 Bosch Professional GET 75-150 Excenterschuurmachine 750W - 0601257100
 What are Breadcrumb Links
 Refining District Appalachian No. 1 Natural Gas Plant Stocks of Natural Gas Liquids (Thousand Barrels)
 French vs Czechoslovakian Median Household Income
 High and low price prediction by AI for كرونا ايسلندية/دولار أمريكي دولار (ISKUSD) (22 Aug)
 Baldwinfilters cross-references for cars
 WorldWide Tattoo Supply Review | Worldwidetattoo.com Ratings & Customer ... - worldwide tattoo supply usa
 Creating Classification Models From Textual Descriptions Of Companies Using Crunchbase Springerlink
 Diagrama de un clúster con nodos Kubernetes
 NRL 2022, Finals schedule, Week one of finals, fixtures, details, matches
---------------
### [Requirement]
Please give an exact copy of the entries above, from the line with "What are Breadcrumb Links" down to the line with "WorldWide Tattoo Supply Review", inclusive, and nothing else.

### [Response to this exercise]
 What are Breadcrumb Links
 Refining District Appalachian No. 1 Natural Gas Plant Stocks of Natural Gas Liquids (Thousand Barrels)
 French vs Czechoslovakian Median Household Income
 High and low price prediction by AI for كرونا ايسلندية/دولار أمريكي دولار (ISKUSD) (22 Aug)
 Baldwinfilters cross-references for cars
 WorldWide Tattoo Supply Review | Worldwidetattoo.com Ratings & Customer ... - worldwide tattoo supply usa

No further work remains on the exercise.